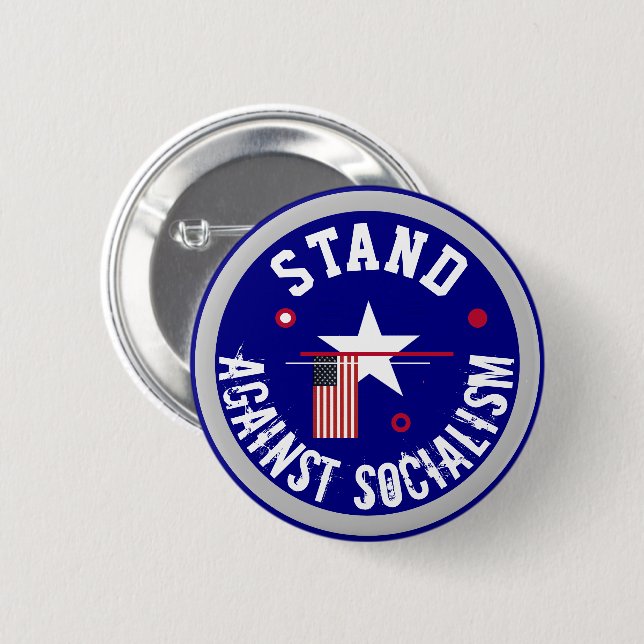 Steht gegen den Sozialismus  Button (Vorne & Hinten)
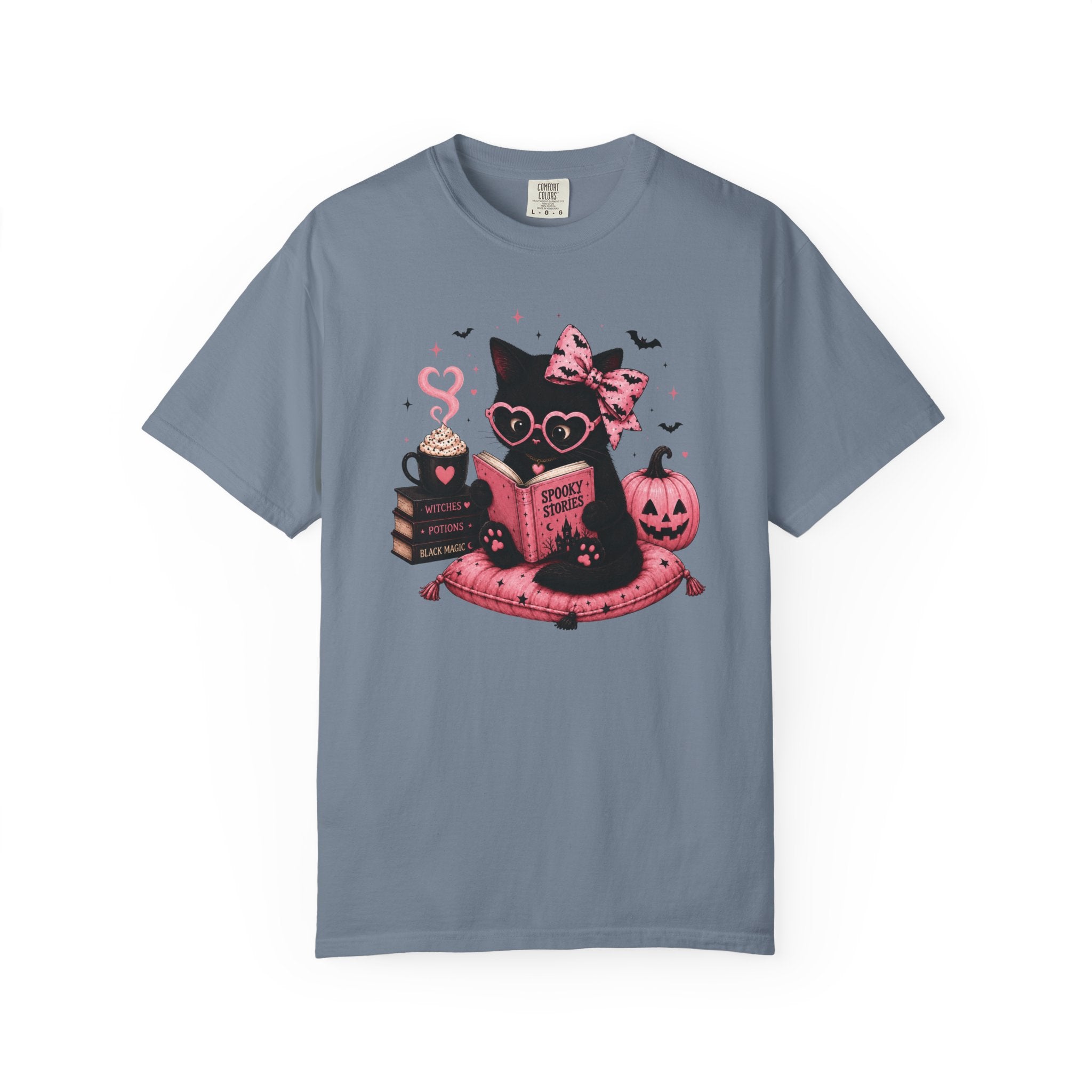 Cute Pink Halloween Cat Shirt, Spooky Book Lover Tee, Ghost Reading Cat Graphic T-Shirt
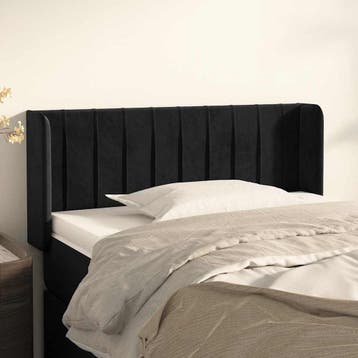 vidaXL Hoofdbord met randen 103x16x78/88 cm fluweel zwart, Verzenden, Nieuw, Zwart, Stof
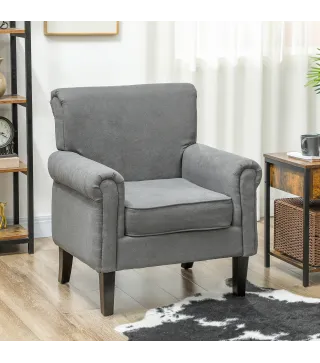 Butaca de Salón Tapizada en Tela Sillón Relax con Reposabrazos Asiento Extraíble para Dormitorio 79x72,5x88 cm Gris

* ACTIVITY:
Copy all of the listing word for word, minus the images.

* EXERCISE RESPONSE:
 Steht gegen den Sozialismus  Button (Vorne & Hinten)
 Cute Pink Halloween Cat Shirt, Spooky Book Lover Tee, Ghost Reading Cat Graphic T-Shirt
 vidaXL Hoofdbord met randen 103x16x78/88 cm fluweel zwart, Verzenden, Nieuw, Zwart, Stof
 Butaca de Salón Tapizada en Tela Sillón Relax con Reposabrazos Asiento Extraíble para Dormitorio 79x72,5x88 cm Gris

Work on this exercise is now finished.